On jokes getting lost in translation:
Nick: Yeah, sure. Sometimes the jokes would be lost in translation for an English speaker who wasn’t familiar with the particular culture of the person making the joke. But I think the thing about our work – our ‘oeuvre’ – is that the jokes come so thick and fast it’s like buses – if you don’t get that joke, there’ll be another one along any minute.
Kay: And equally, it’s not just the audience that sometimes misses the joke. We’re such a multicultural group – Australians, British, Americans, Canadians, all sorts – that sometimes we don’t even get each other’s jokes. And that’s funny.
On their favorite bad movies:
Chris Coleman: I think Independence Day was just awful. I was so upset when Will Smith got in to kill the alien and took over his ship without knowing a bit of alien technology.
Pete: Santa Claus Conquers the Martians. It wasn’t even a B-movie, it was like C or D.
Kay: The Da Vinci Code. Not that that’s an alien movie.
Sean: I have a love for the really terrible CGI monster movies.
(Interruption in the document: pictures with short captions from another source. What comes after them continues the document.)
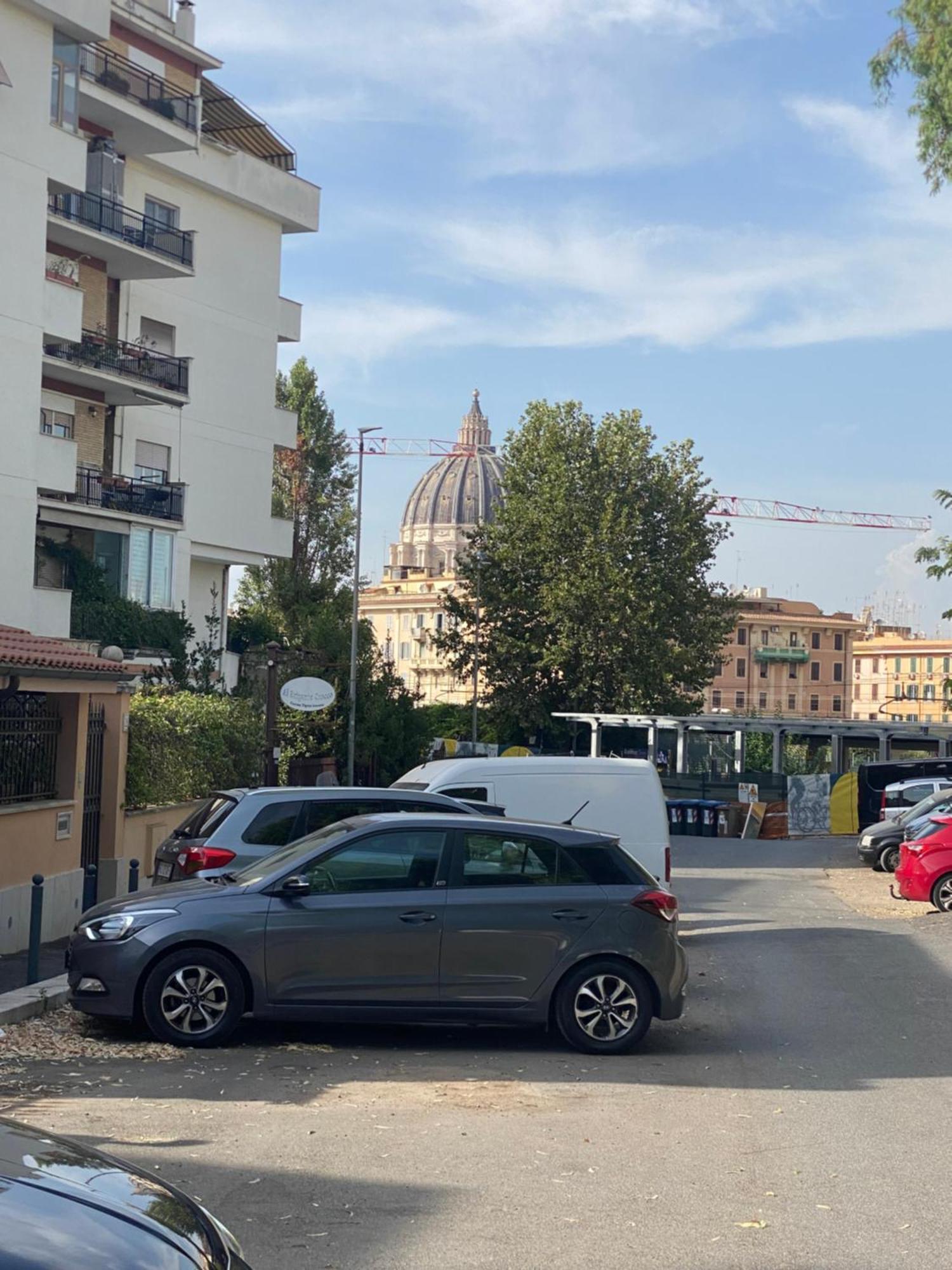 Locanda San Pietro Intero Appartamento In Centro A Roma Exterior foto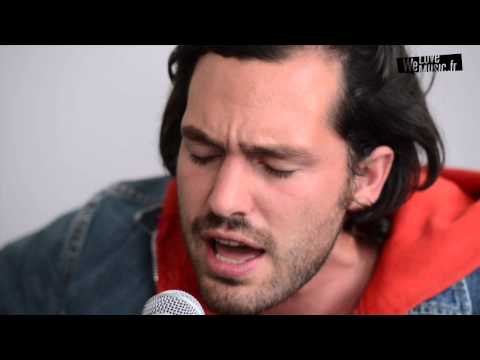 Robert Francis : Baby was the devil (version acoustique HD)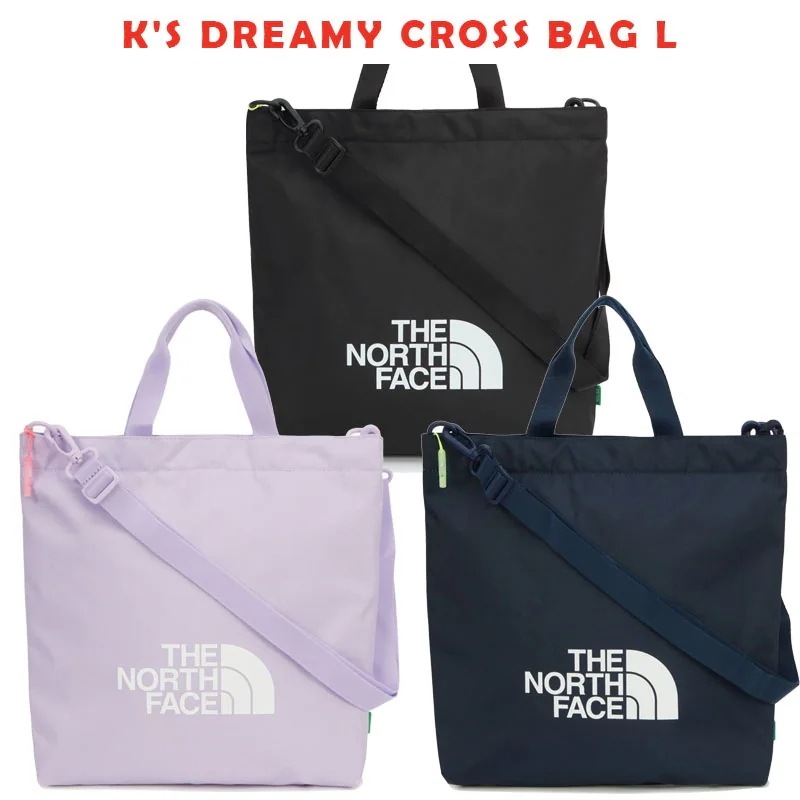 韓国正規品保証 関税負担なし NN2PR06R_KS DREAMY CROSS BAG L デイリー 基本 着装 男子 女子 人気 韓国 ファッション 男女共用 アウトドア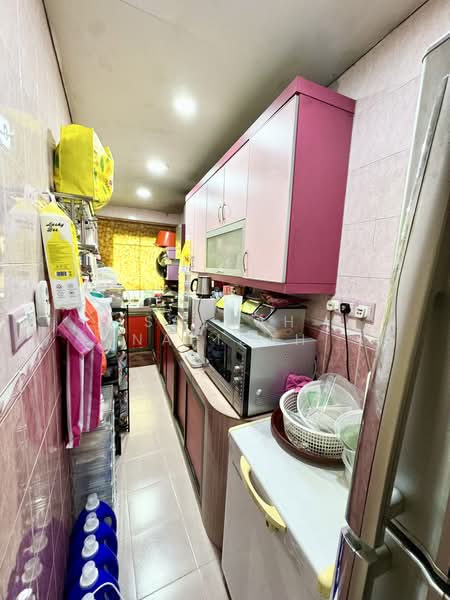 Rumah Teres 2 Tingkat untuk Dijual di Taman Megah (Pontian) - Saedah Napisah - PropertyGuru.com.my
There was one, Ice Spiders. These guys are at a Colorado ski lodge in and there’s a base where the military is experimenting with spiders. And then they are defeated with skiing, and explosions.
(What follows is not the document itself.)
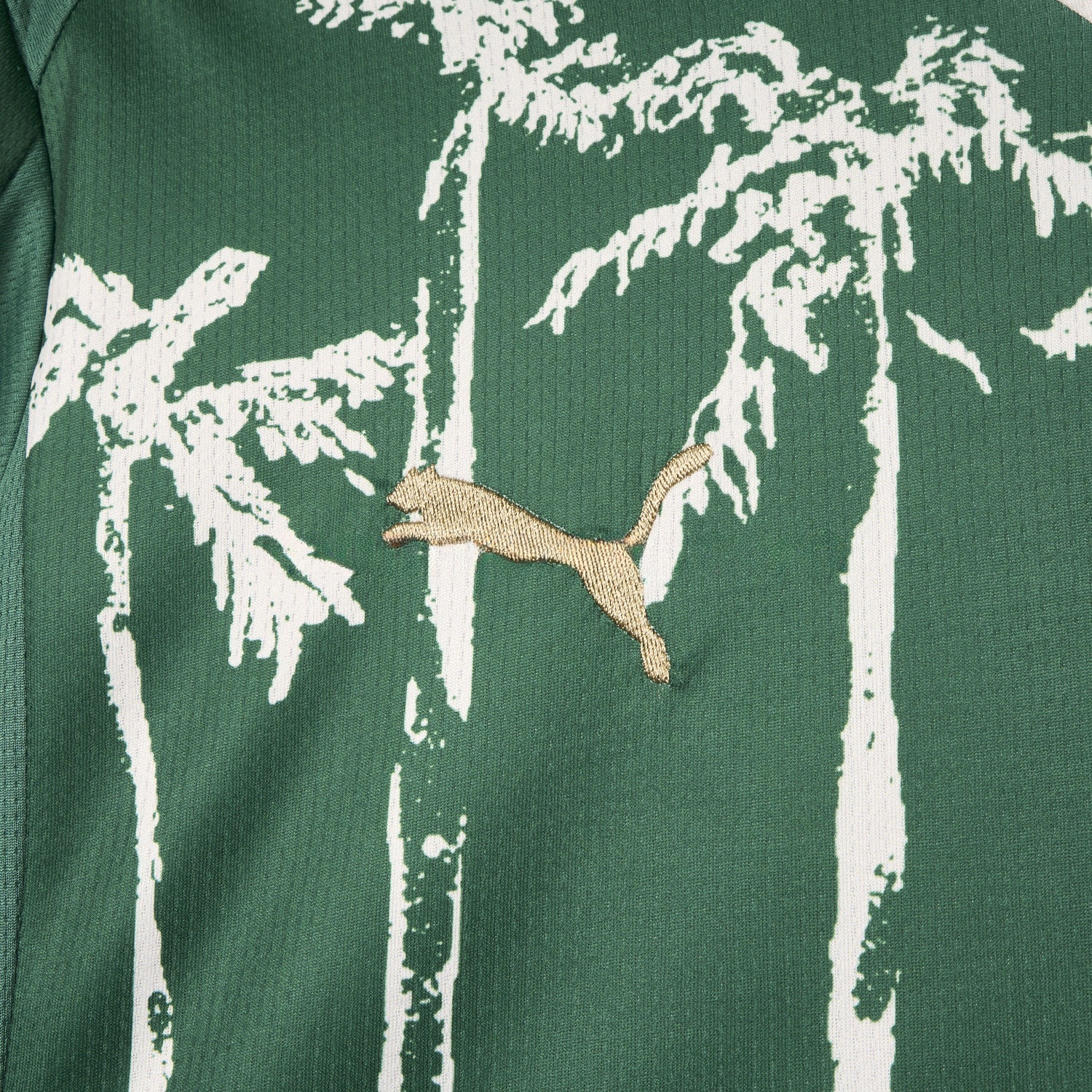 Palmeiras 2025 Club World Cup Home Jersey - Fans Version - Unitedfutballjersey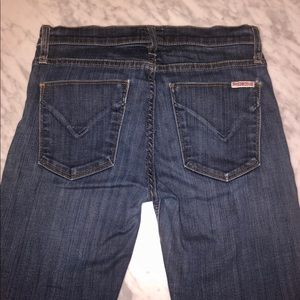 Hudson Nico Super Skinny Midrise Jeans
Nick: I hate The Green Mile. Maybe doesn’t qualify as a bad movie – it was a bad movie.
On bad suggestions from the audience:
Nick: You get ‘gay porn’ a lot.
Kay: And ‘Tourette’s.’
Sean: Tourette’s is all right.
Sean: A crowd of reasonably drunk people were here, we asked for a general sort of topic, and one guy yells out ‘Herpetology!’
Chris Coleman: That was an excellent one.
Sean: I loved that one. ‘Ah, you mean the study of snakes and lizards.’
On that group’s name:
Sean: I think we just thought it was funny.
Chris Coleman: I think we were playing on the idea of liberation, really meaning it. Free to do improv.
Kay: Without censorship.
Chris Coleman: We’re not particularly political. But we can be, if you want us to be. If we get those suggestions from the audience, by God, we will be.
Independence Day - 9:30pm, July 3 at the TakeOut Comedy Club
(34 Elgin Street, SoHo, 6220-4436). Tickets are $150.
What is Improv?
Improvisation, or improv, is a form of comedy in which a group of performers act out unscripted scenes, using only their own quick wits and, usually, a suggestion from an audience member to get them started. In ‘long form improv’, performers act out lengthy scenes without any limitations, and in ‘short form improv’ the comedians create scenes while playing games that force them to obey certain rules. In the game Questions, for example, improvisers may only ask each other questions – nobody is allowed to make a statement. Although this style of comedy has been around for decades, the British television show Whose Line Is It Anyway? (1988-98) brought improv into the mainstream.